With due respect to the do-it-yourselfer incorporation and legal tools, and particularly my long-term friends at Nolo Press, if you are going to have your own business then you want a long-term relationship with a business attorney.
This is a litigious world. Avoiding attorneys is false economy. Normally you start with a small business attorney. As you grow that might expand to include an intellectual property specialist and maybe an employee law specialist.
I’ve worked with several excellent attorneys. I’ve made some mistakes, and I’ve learned a few things. Here’s my advice on that:
1. Take time to select carefully.
If you own a business you need to have relationships with at least one attorney and at least one accountant. Take the time to find compatible competent professionals. Start by asking around (friends, relatives, business people you know) for recommendations.
Don’t just jump with the first person recommended by your friends or relatives, find at least three candidates. Look at their websites (an aside: I won’t deal with professionals who don’t have competent websites; it’s 2011), see if you can find their content offerings in blogs, follow them on twitter if they’re there, and – by far the most important – meet them and talk to them. Ask them about rates, and average monthly costs. Ask them for a client list and check references. If they’re shy about giving you names, that’s a warning sign.

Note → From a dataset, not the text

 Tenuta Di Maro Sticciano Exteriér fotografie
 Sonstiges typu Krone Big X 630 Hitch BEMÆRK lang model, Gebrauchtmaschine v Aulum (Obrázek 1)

If you have an attorney in the family, think about this example: The smartest attorney I ever worked with was my older brother. It’s great to have somebody you trust. But that also got awkward occasionally because he worked for me for free, and it was hard to ask for help when it was free. When I changed attorneys because we moved, my next attorney was delightfully proactive with making sure we had proper filings and minutes and such.
Forget all the mythology about sharks (and I have to apologize for my choice of illustration here; I couldn’t resist). I’ve run into some nasty dishonest attorneys, but I’ve had no trouble finding smart, honest, and easy-to-like attorneys. The attorney jokes and all that are the obvious phenomenon of a few bad apples giving the whole barrel a bad reputation.
2. Do your own homework to minimize costs
There’s so much good information and advice available, on the web and in books, that you can reduce legal fees by doing your homework first on things like choosing between sole proprietorship and corporation or LLC or partnership, for example, so you understand the main terms, and the most obvious tradeoffs. Then you optimize your situation by going into the attorney talk already knowing a lot of the basics. Let the attorney help you with the fine tuning.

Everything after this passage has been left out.